#### Activity
Would you print the lines below exactly, beginning at the line that has "un petit cône noir surmonté d'un anneau doré" and stopping after the line that has "a kitchen with"? Only those lines, and no pictures.

#### Available data
▼
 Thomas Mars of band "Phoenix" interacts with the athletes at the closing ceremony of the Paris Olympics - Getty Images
▲
▼
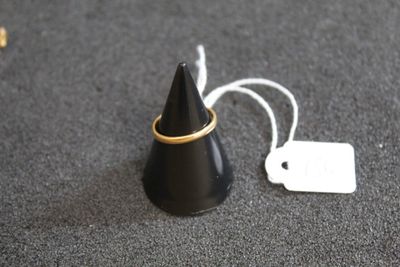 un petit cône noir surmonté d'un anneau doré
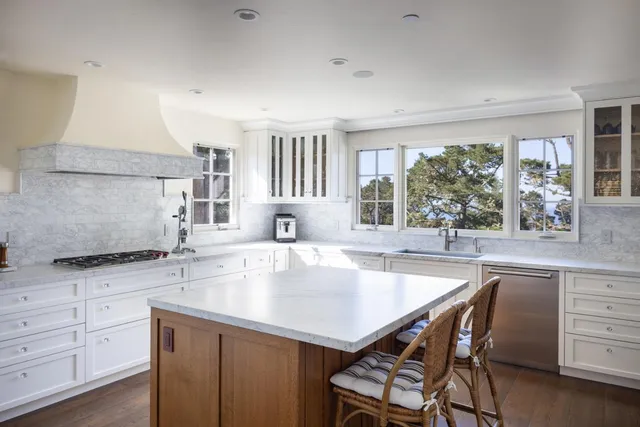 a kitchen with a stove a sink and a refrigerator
▲
▼
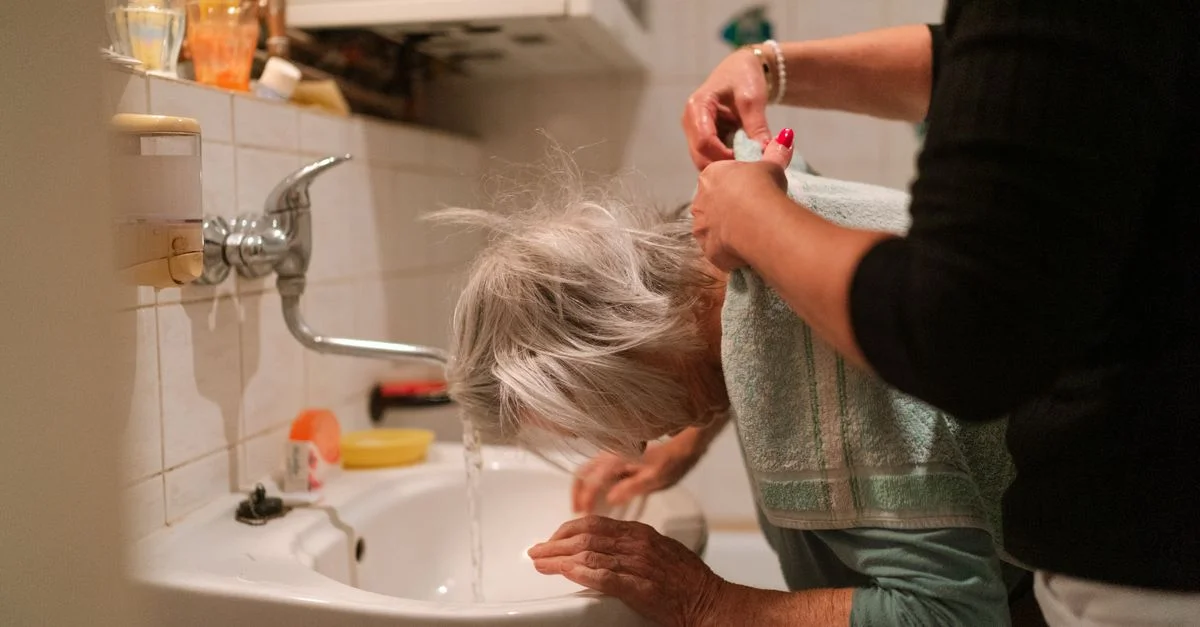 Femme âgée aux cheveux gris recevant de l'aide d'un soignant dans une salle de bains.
▲
#### Result below
 un petit cône noir surmonté d'un anneau doré
 a kitchen with a stove a sink and a refrigerator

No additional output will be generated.